The Nautalis in Vedauwoo, Wyoming

I'm a big fan of the Online Encylopedia of Integer Sequences, both as a hobby and as a research tool. My user profile.

Sequences Authored

A309933. Table read by rows: T(n,k) is the number of stable marriage instances with n men and n+1 women in which some "rejecting" woman receives exactly k proposals.
Analyzing this one has interesting applications to the theory of random stable matching markets, as described in our paper.

Contributions

A005154. Number of stable matchings.
This sequence is the best known lower bound on the maximum number of stable matchings on n men and n women.

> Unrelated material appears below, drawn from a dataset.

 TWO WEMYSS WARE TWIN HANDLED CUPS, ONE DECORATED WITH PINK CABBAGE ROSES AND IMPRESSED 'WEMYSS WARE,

An analysis of the growth of this sequence was known, but never published. With some help from Peter Shor this analysis is finally available here.
A116078. Number of antichains in a cylinder poset.
One way to prove upper bounds on the worst-case maximum number of stable marriages is to prove upper bounds on the number of antichains in "tangled \(n \times n\) grid" posets, as observed by Dömötör Pálvölgyi. There is a simple tangled grid poset whose number of antichains is exactly A116078, as we show here. This sequence grows like \( \sqrt{n} 4^n \). This by itself disproves Pálvölgyi's conjecture that tangled \(n \times n\) grids have at most \(4^n\) antichains, and a modification of the analysis I gave for A005154 here actually proves that tangled grids can have up to \( 4.17^n \) antichains.
A144685 and A144686. Two sequences regarding Condorcet Domains from social choice theory.
A lot of interesting combinatorial questions arise from investigating sets of linear orders over which majority voting never produces cycles.